1発殴られたら2発殴り返すというテキサス流は、私に合っていた【坂口征二連載#11】
テキサスで待っていた憧れの〝鉄の爪〟
1968(昭和43)年6月。フロリダマットで戦い続けていた私を、さらに荒っぽいダラス(テキサス州)へと誘った人物。それは日本でもおなじみの“鉄の爪”フリッツ・フォン・エリックだった。
日本では選手として有名だが、米国内ではテキサス州のダラス地区に君臨するプロモーターとしても知られていた。
エリックは当時、フロリダで私の世話をしてくれていたデューク・ケオムカさんと非常に仲が良く、その関係でダラスとタンパは、選手の行き来が頻繁だったのだ。
ケオムカさんも「サカ、ユーの海外修行はロスが入門編、このフロリダが基礎編、そしてテキサスが応用編になるのヨ」とダラス行きを勧める。
ロサンゼルスには日本プロレスのブッカー(当時)を務めていたミスター・モトさん、フロリダにはケオムカさんがおり、練習に実戦に、そして慣れない米国生活においても何かとお世話になっていた。
そしてテキサスでは、いよいよ一人で生活し、戦い続けなければならない。

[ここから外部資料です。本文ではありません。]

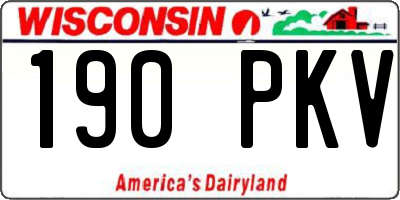 WI license plate 190PKV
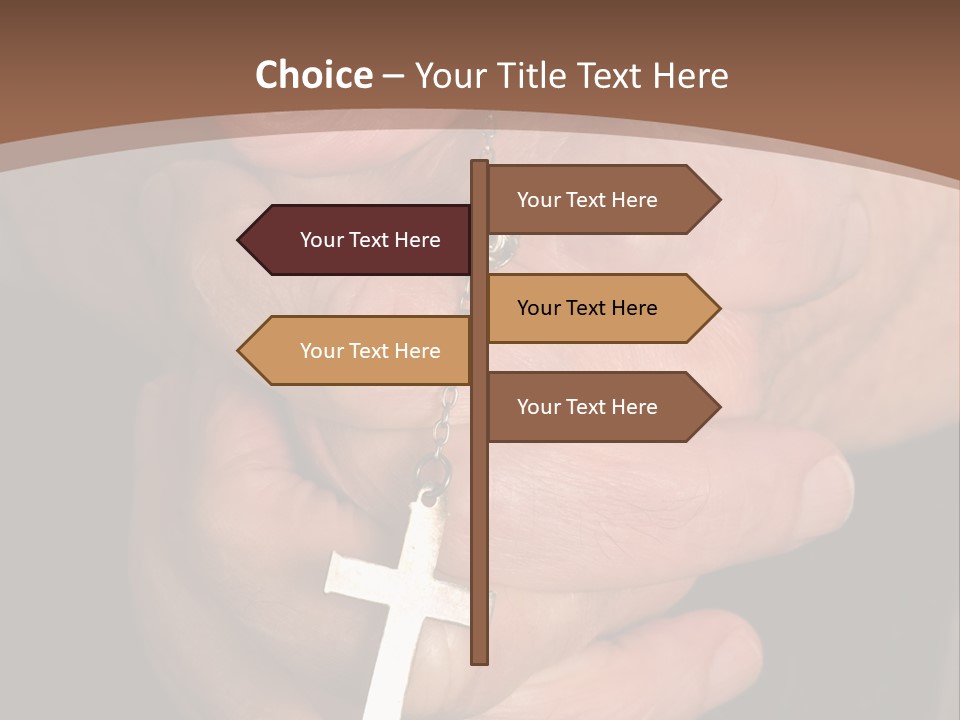 A Close Up View Of Praying Hands PowerPoint Template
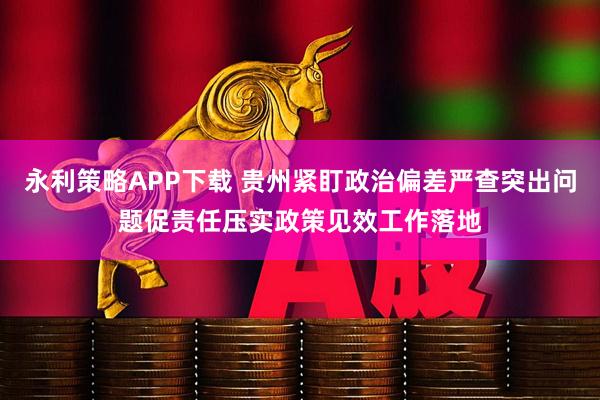 永利策略APP下载 贵州紧盯政治偏差严查突出问题促责任压实政策见效工作落地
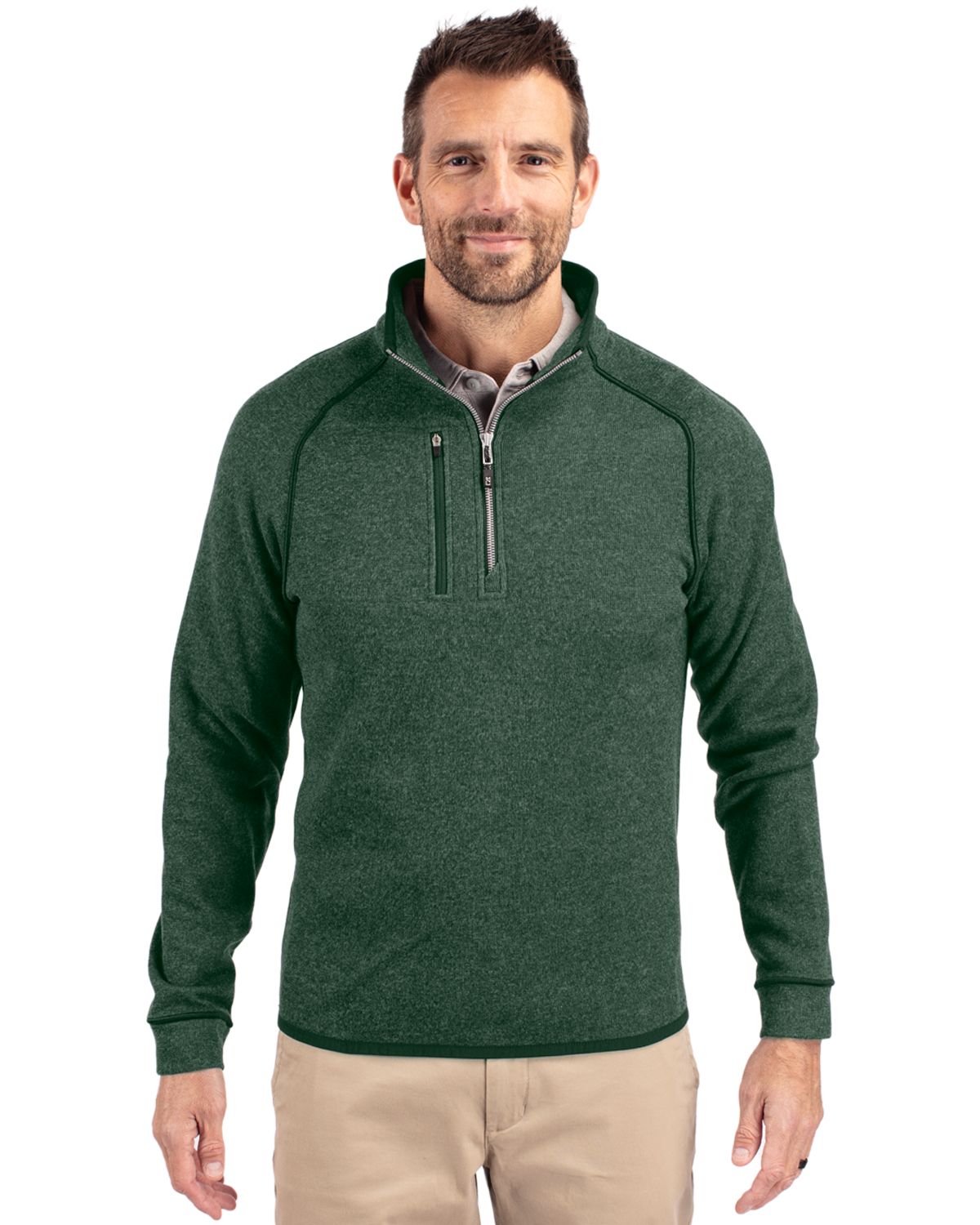 Cutter & Buck Mainsail Sweater Knit Half Zip Jacket - Men's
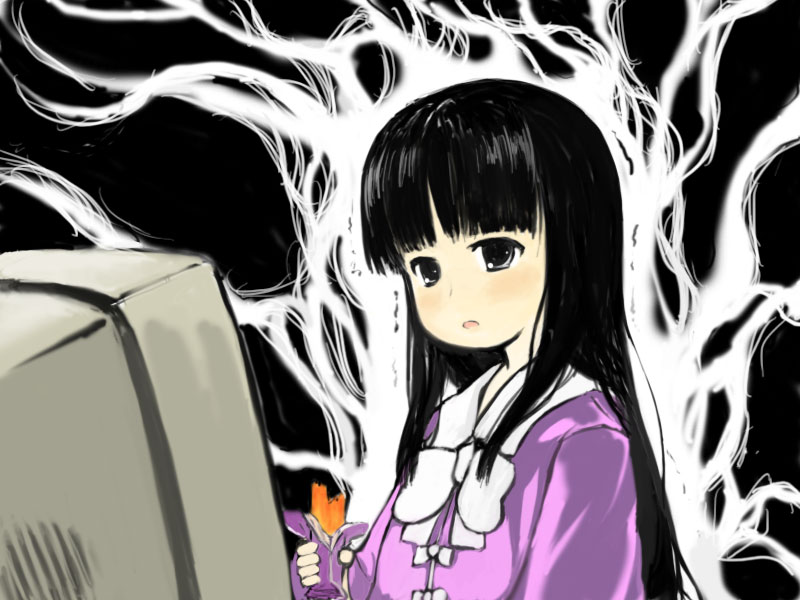 gigokku, houraisan kaguya, touhou, 1girl, black eyes, black hair, blunt bangs, bow, computer, female focus, food, hime cut, long hair, monitor, ribbon, solo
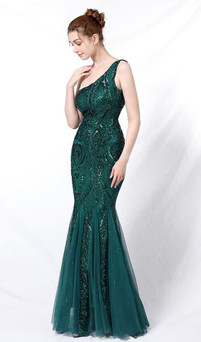 Glamorous One Shoulder Sequin Mermaid Gown Style E635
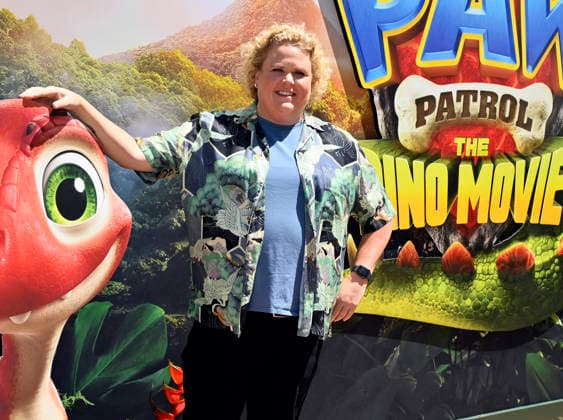 Cast member Fortune Feimster attends the global premiere of the computer animated animal adventure Paw Patrol: The Dino Movie at the Paramount Picture Studio lot in Los Angeles on Sunday, August 2, 2026. Storyline: The Paw Patrol lands on a mysterious dinosaur island after a storm, where they meet Rex, a stranded pup. When Humdinger s reckless mining triggers a volcano, the team faces their biggest rescue mission yet to save the island.  LAP2026080219 JIMxRUYMEN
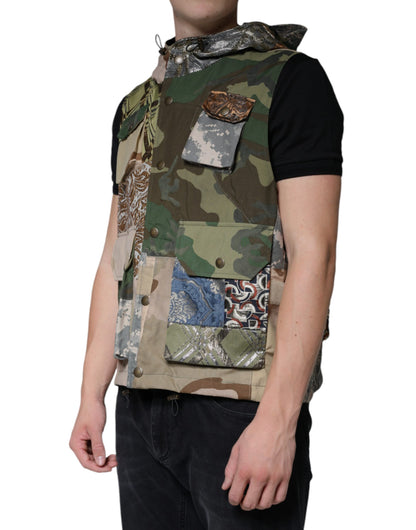 Dolce & Gabbana Multicolor Patchwork Hooded Vest Jacket by Dolce & Gabbana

正直、不安も感じたが、ケオムカさんが言う通り、すぐにダラスへの出発準備を進めた。
ところが今度はフロリダのプロモーター、エディ・グラハムが私のテキサス行きを許さない。結局、8月までタンパで戦い続け、ダラスへと渡ることになった。
テキサス州でのデビュー戦は8月13日のダラス大会。対戦相手は、私と同じくデビュー間もないテリー・ファンク、もしくはダスティ・ローデスと伝えられていた。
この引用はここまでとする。